Teach them How to Fish … . And then what?
Authors, fisherwomen to share writing, cooking secrets Friday

They went out looking for it. Hunted it down. Bagged it. Brought it back through many times perilous journeys. Prepared it. Cooked it. Served it up. Rejoiced in it. And, eventually, they wrote a book about it, with all the photos and illustrations and recipes and antidotal stories to pull even the most wary reader into their fold.
Don’t worry, this isn’t a story about Ted Nugent and Sarah Palin off on some romp in Alaska looking to shoot up an endangered ungulate and then ending up scribing some two-bit illustrated tell-all (in third grade prose).
We’re talking about three women who hit the seas crabbing, long-lining, gill netting in some violent waters in the Bering Sea and Southern Alaskan coordinates. Years of being around fishing and on oceans, and all the challenges, fun and spiritual expression that sort of life entails, have manifested into a really sparkling and simple book, called, “Fishes and Dishes Cookbook.”
Sisters Kiyo and Tomi Marsh and Laura Cooper, their friend and part-time deckhand, wrote stories and tips, illustrated sections, designed all the pages and tested recipes to be put into in this great fall read.
Kiyo and Laura will be in Spokane today at 5 p.m., as part of Sustainable September’s many events scheduled throughout the month. They expect to demonstrate how to de-bone a wild salmon, show slides, talk about life on the sea and answer questions, as well as sell books.
I talked with Kiyo and Laura on my radio show, “Tipping Points: Voices from the Edge” (www.kyrs.org; 92.3 FM) to get under the jacket cover of a really fine addition to the over-blown cookbook genre. There is a sense of whimsy throughout the edition, but it can be passionately poignant. It’s accented with poems, more than 80 recipes, useful and funny tips all bound up using a whole bunch of illustrations with plenty of photographs nicely placed throughout.
All three women have ocean cred, so to speak. The fact that more than a dozen women collaborated on the book, from writing, editing, adding poetry and just doing the nitty-gritty of putting a book like this together, attests to their conviction that fishing, ocean life, cooking and that on-the-shore perspective you get once you are back on land can be very different depending on which gender is describing the action.
It’s clear that Kiyo Marsh is the firebrand behind the publishing end of the book, even though she is still a chef and artist who ended up spending five years as a boat cook and deckhand on the F/V Savage.
That boat – the Savage — is her sister Tomi’s craft, and she has 27 years in the industry. Tomi lives in Ketchikan while her sister Kiyo is out of Poulsbo, Wash.
The third anchor in this trio spent time working for World Wildlife Fund International, as part of the global oceans and arctic programs. Laura Cooper lives in Seattle and is a collage artist.

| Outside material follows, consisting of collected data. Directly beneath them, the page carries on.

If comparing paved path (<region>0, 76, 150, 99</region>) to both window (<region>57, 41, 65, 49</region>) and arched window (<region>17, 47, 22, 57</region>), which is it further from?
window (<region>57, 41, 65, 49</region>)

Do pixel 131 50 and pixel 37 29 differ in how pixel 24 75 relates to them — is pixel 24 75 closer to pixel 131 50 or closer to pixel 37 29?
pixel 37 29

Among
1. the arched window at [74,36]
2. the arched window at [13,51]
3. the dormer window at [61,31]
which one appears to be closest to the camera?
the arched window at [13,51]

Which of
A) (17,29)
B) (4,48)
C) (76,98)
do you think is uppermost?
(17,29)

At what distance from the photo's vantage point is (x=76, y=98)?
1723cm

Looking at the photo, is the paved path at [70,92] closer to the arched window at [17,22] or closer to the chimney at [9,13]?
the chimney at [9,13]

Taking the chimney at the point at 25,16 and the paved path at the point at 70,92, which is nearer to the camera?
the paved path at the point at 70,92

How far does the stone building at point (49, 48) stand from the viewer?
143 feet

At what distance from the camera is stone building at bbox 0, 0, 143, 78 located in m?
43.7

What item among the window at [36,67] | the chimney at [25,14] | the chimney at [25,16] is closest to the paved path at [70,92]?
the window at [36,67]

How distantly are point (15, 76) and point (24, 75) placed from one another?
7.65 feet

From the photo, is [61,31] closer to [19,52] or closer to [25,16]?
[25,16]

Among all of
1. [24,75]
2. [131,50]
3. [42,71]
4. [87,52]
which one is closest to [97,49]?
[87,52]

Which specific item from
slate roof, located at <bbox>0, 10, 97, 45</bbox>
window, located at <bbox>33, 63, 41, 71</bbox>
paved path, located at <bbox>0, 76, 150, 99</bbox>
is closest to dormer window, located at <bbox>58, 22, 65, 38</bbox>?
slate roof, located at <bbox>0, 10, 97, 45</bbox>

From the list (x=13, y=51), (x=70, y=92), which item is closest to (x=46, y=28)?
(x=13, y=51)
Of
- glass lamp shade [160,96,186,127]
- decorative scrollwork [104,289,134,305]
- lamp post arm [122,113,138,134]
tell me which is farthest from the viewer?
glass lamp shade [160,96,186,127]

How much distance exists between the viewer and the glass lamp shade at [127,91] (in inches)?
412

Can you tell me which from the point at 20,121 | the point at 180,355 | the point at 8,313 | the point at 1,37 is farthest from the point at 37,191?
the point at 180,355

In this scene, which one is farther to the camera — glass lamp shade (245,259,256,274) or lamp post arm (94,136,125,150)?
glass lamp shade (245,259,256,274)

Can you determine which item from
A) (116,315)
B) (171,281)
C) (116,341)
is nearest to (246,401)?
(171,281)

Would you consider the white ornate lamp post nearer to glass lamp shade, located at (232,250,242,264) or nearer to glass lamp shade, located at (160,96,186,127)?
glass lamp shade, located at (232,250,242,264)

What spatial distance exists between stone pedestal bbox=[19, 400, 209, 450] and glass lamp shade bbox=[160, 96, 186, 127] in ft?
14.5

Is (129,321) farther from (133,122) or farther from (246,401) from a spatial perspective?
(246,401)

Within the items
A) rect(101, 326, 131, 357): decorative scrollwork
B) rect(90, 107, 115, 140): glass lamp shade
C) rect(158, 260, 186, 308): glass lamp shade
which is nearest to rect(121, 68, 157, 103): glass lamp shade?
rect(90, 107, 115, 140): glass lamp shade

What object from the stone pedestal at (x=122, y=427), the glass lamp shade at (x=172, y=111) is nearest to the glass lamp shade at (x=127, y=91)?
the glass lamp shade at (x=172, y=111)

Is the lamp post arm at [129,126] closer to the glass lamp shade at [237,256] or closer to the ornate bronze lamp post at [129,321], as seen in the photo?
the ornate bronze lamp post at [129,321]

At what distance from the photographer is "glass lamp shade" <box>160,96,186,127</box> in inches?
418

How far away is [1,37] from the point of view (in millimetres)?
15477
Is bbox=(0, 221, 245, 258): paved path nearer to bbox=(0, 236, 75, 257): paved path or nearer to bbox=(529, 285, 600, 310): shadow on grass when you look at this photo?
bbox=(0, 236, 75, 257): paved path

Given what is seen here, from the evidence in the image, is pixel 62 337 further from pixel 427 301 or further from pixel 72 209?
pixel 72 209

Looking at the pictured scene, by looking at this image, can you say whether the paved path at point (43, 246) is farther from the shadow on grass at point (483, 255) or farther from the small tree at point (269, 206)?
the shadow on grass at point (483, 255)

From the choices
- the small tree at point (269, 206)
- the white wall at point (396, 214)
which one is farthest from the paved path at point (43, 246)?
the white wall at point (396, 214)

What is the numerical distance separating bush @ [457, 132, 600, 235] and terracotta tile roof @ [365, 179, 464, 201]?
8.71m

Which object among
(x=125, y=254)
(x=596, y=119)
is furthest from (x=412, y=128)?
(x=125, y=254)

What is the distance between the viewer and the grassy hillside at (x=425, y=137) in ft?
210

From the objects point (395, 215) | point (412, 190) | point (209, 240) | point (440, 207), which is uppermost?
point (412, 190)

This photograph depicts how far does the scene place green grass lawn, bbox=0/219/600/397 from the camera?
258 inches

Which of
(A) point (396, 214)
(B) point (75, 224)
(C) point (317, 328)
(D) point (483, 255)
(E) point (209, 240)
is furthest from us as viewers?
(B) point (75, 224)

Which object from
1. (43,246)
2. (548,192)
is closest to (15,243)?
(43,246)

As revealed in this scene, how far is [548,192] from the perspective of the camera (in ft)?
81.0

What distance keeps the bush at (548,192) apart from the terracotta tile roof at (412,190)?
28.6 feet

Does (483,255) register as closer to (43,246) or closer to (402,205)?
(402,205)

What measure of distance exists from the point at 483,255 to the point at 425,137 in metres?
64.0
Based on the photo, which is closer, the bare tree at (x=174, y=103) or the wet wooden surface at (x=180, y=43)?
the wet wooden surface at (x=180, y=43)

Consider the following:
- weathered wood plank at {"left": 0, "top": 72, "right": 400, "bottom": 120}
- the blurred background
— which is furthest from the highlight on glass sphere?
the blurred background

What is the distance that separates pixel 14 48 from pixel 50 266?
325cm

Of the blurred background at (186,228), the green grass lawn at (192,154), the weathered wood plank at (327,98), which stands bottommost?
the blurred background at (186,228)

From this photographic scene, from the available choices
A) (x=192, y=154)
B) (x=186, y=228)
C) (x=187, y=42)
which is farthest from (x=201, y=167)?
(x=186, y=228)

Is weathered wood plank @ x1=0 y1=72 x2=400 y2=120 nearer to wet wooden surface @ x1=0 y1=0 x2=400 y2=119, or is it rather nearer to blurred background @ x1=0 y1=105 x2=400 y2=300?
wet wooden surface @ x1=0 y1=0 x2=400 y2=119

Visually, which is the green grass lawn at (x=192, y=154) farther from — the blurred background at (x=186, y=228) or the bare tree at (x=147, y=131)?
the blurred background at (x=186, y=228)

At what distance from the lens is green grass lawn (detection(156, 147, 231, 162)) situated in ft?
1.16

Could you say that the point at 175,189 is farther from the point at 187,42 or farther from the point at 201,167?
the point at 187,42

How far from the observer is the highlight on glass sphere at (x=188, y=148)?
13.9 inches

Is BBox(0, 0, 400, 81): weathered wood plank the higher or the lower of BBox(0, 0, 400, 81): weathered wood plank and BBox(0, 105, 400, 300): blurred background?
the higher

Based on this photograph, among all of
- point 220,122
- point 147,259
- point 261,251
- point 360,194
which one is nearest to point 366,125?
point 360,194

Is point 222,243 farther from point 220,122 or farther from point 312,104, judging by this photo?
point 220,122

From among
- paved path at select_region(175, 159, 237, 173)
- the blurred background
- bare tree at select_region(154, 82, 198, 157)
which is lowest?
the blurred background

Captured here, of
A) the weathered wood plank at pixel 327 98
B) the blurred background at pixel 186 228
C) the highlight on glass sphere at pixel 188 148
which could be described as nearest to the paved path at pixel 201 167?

Laura and I talked about the book, and about sustainability, the oceans reaching certain tipping points, the more or less well managed Alaska fisheries and the value of a book on food, celebrating the wild food she has caught and how women fit into what once was an exclusively male profession.
Laura believes that this book serves as a marker for young women, who can see that life on the sea – or just the value of traveling — and the sort of independence garnered writing a book with two others can be a reachable goal. She believes books serve as information guideposts and cultural memory banks.
For Kiyo, I gathered that she truly has respect and love of the craft of fishing, and the recipes she compiled are easily replicated, as Laura attested, since she admitted not having a huge culinary forte.
For the sisters, the book idea was tossed around many times, and the idea of cooking in the ditch (the trough of the wave) was played with for years. All those stories from other fishers, processors, captains, cooks, and from the entire retinue of actors in this drama were not wasted.
The photos are visceral, real, beautiful and informative; the stories genuine. The attempt to give landlubbers a sense of where wild protein comes from is detailed. Cooking marine fish and shellfish is easy, but each recipe takes on its own flavor, with all sorts of fusions blending with the flavors of Asia, Northern Europe and the Mediterranean as part of the final concoctions.
That sense of viewing the ocean, the food, the star-encrusted nights, the jostling crab nets, the solitary lifestyle, the woman against nature character of it all comes to the reader with a more refined and developed perspective than what a man might have given us — as these women share with us the art, science, luck and physicality of finding catch at sea.
Then turning that bounty into something magnificent like food. For Laura, sharing food – breaking bread, or, in this case, deboning fish – is the larger agenda for the book’s underpinning. It’s the sharing and the storytelling that make for healthy bodies, minds and communities.